▸ **Input data**:
::::::::::

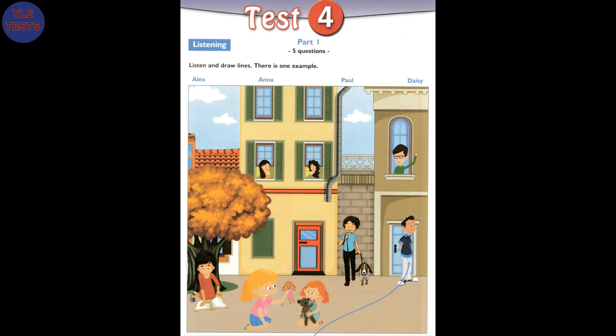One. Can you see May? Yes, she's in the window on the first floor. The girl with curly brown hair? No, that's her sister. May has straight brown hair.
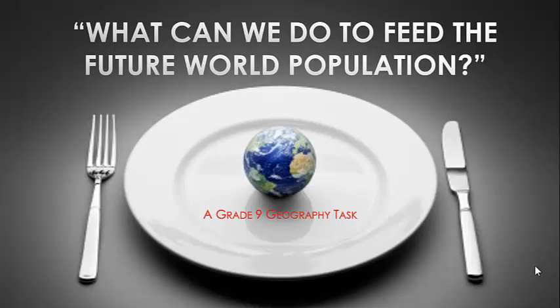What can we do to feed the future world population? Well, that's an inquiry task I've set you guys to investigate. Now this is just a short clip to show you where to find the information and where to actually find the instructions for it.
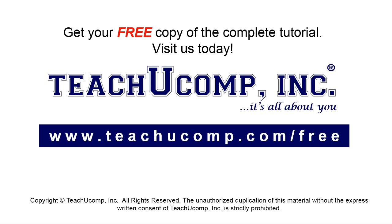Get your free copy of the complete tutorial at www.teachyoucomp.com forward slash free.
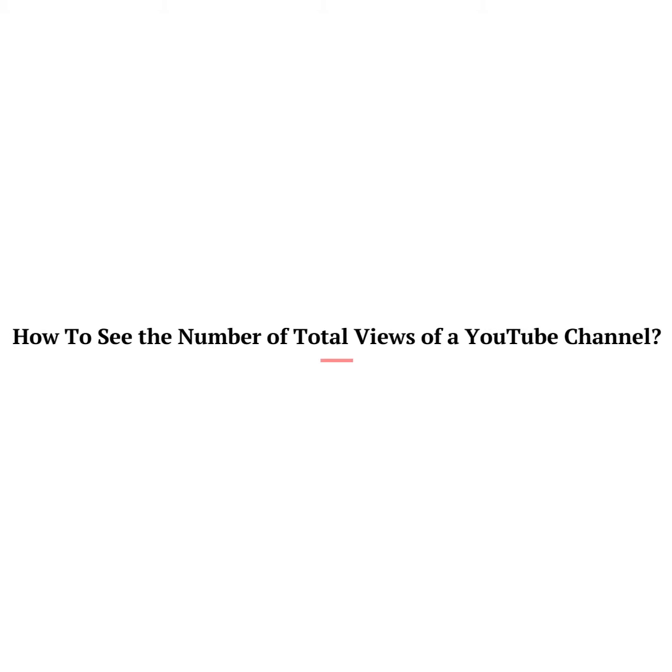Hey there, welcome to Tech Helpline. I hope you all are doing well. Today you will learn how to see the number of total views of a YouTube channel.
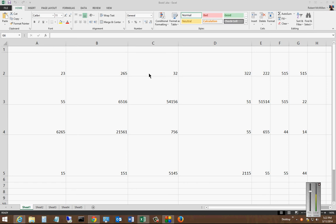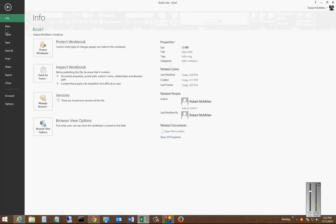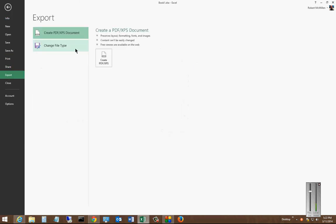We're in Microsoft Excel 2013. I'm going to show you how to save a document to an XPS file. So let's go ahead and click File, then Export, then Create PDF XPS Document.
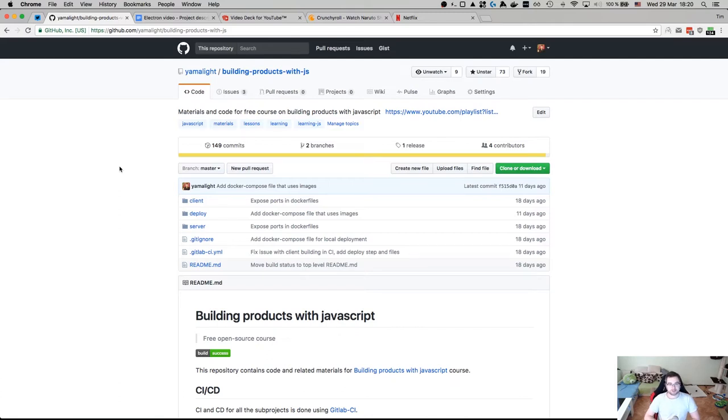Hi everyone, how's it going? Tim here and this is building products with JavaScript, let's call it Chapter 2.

::::::::::

▸ **Assignment**:
Pictures are not part of the copy; reproduce everything else in the records exactly.

▸ **Task output**:
One. Can you see May? Yes, she's in the window on the first floor. The girl with curly brown hair? No, that's her sister. May has straight brown hair.
What can we do to feed the future world population? Well, that's an inquiry task I've set you guys to investigate. Now this is just a short clip to show you where to find the information and where to actually find the instructions for it.
Get your free copy of the complete tutorial at www.teachyoucomp.com forward slash free.
Hey there, welcome to Tech Helpline. I hope you all are doing well. Today you will learn how to see the number of total views of a YouTube channel.
We're in Microsoft Excel 2013. I'm going to show you how to save a document to an XPS file. So let's go ahead and click File, then Export, then Create PDF XPS Document.
Hi everyone, how's it going? Tim here and this is building products with JavaScript, let's call it Chapter 2.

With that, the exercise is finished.